# JavaDoc, API



## Sascha Birohi (23. Apr 2014)

1 a)Implementieren Sie die Klasse Queen. Ein Queen-Objekt hat eine X- und Y- Koordinate, sowie die Anzahl der in Konflikt stehenden anderen Damen.
  b) Lassen Sie die Klasse Queen das Interface Comparable implementieren. Es soll ein Queen-Objekt mit einem Anderen anhand der Anzahl der Konflikte verglichen werden.  

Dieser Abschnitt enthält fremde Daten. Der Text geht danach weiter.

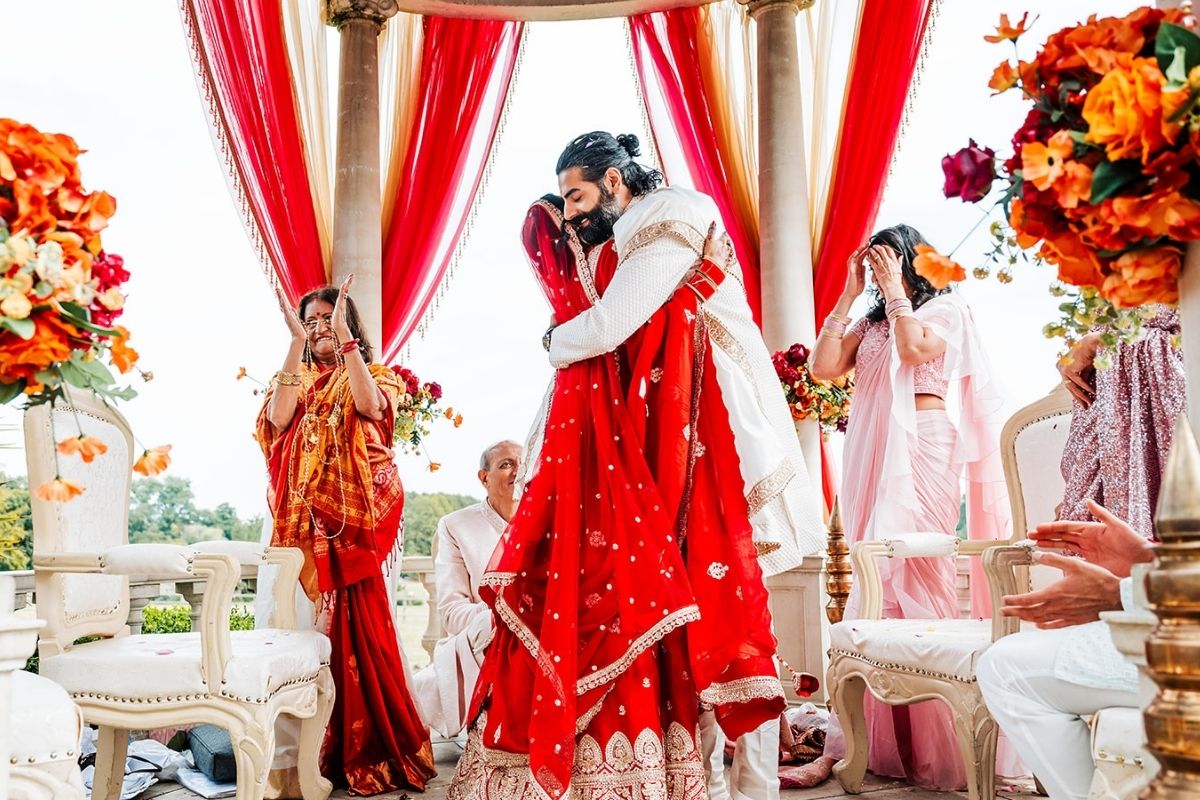 A Hindu Bride & Groom embrace after during their religious ceremony at Froyle Park's outdoor wedding dome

2a)Implementieren Sie die Klasse Heuristic,  welche von der Klasse BasicQueenSolver erbt. Diese soll eine Lösung des Damenproblems für ein 50x50-Feld mittels Heuristischer Optimierung ausgeben.
   b) Implementieren Sie die abstrakte Methode solve. Implementieren Sie die Heuristische Optimierung wie auf der ersten Seite beschrieben. Falls Sie Probleme haben, orientieren Sie sich an dem Algorithmus und den Hilfsmethoden, die am Ende des Übungsblatts angegeben sind.

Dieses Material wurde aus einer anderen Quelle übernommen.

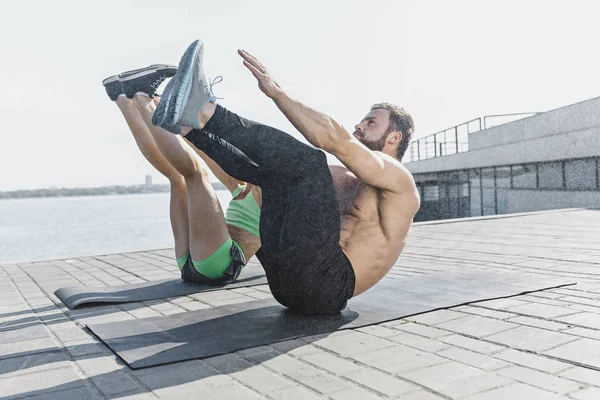 Fit fitness mujer y hombre haciendo ejercicios de estiramiento al aire libre en la ciudad — Foto de Stock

ich sitze Tagelang schon davor und weiß nicht wie ich das machen soll.

Außerdem bin ich nicht so gut in programmieren.

Bitte um Hilfe!


----------



## anti-held (23. Apr 2014)

Wir machen keine Hausaufgaben, aber wir helfen dabei

Wenn du schon Tage davorsitzt, was hast du denn schon alles erstellt?
Wir haben das Aufgabenblatt nicht (also auch nicht die Algorithmen, Hilfsmethoden etc)


----------



## Sascha Birohi (23. Apr 2014)

anti-held hat gesagt.:


> Wir machen keine Hausaufgaben, aber wir helfen dabei
> 
> Wenn du schon Tage davorsitzt, was hast du denn schon alles erstellt?
> Wir haben das Aufgabenblatt nicht (also auch nicht die Algorithmen, Hilfsmethoden etc)

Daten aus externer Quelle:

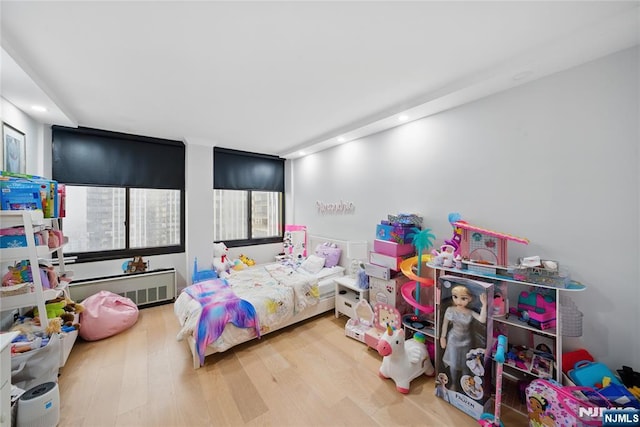 bedroom with recessed lighting, wood finished floors, and radiator heating unit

ich kann das Aufgabenblatt hochladen.

Naja ich habe eherlich gesagt noch nichts


----------



## anti-held (23. Apr 2014)

Wie schon gesagt, deine Hausaufgaben machen werden wir dir nicht.
Einen Ansatz solltest du schon bringen.


----------



## Flown (23. Apr 2014)

Also es ist schon mal hilfreich, wenn wir den Übungszettel/Hilfsklassen usw. haben.


----------